(Data excerpts)
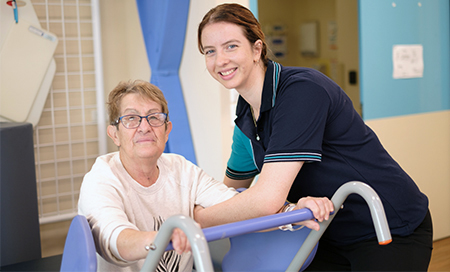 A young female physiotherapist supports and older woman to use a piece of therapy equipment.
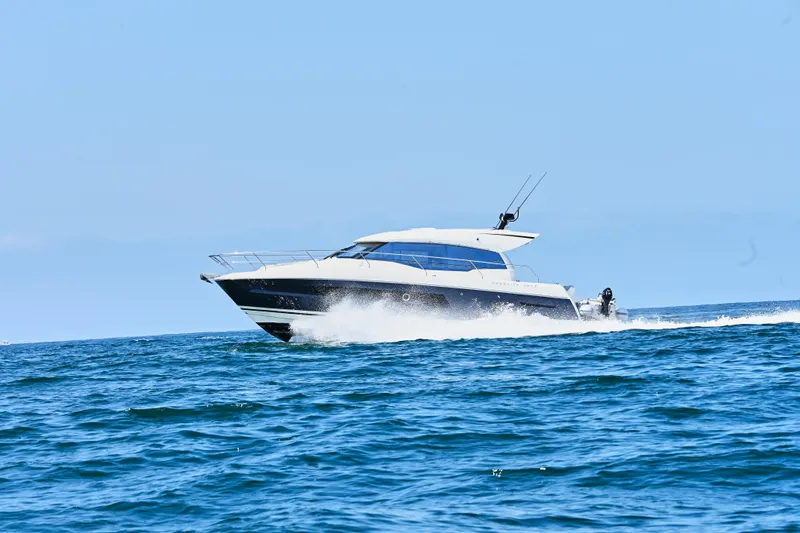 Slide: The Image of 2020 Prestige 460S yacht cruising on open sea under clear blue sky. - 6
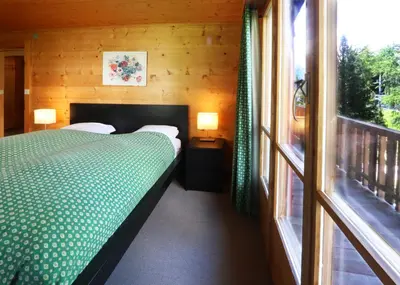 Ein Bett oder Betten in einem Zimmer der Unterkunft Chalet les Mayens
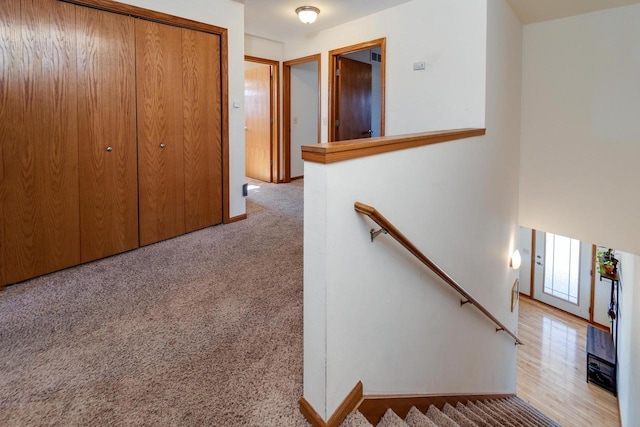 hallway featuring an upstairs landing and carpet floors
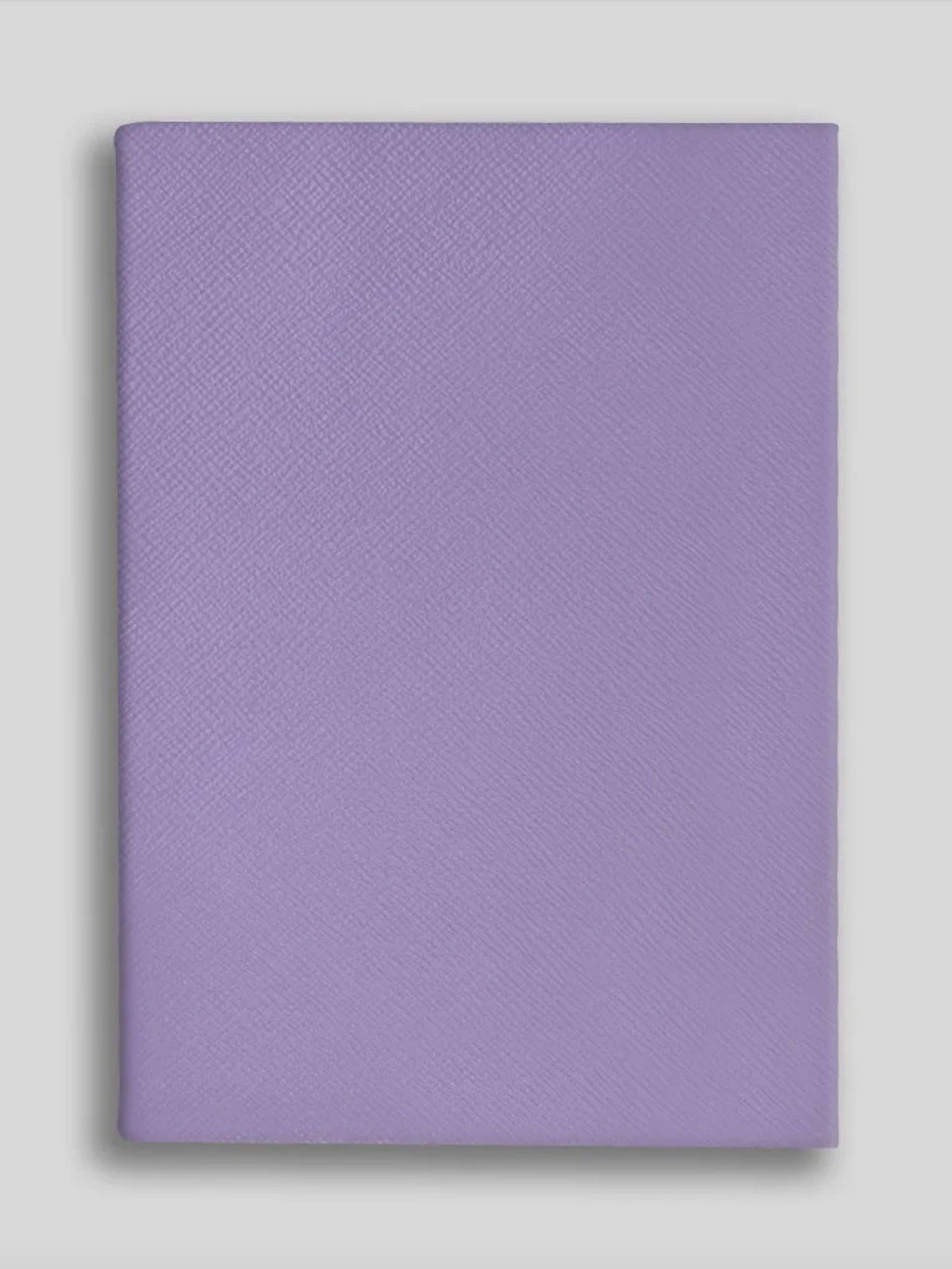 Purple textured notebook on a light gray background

## Activity
Write out every record above exactly as it stands, but leave out the pictures.

## Final answer
 A young female physiotherapist supports and older woman to use a piece of therapy equipment.
 Slide: The Image of 2020 Prestige 460S yacht cruising on open sea under clear blue sky. - 6
 Ein Bett oder Betten in einem Zimmer der Unterkunft Chalet les Mayens
 hallway featuring an upstairs landing and carpet floors
 Purple textured notebook on a light gray background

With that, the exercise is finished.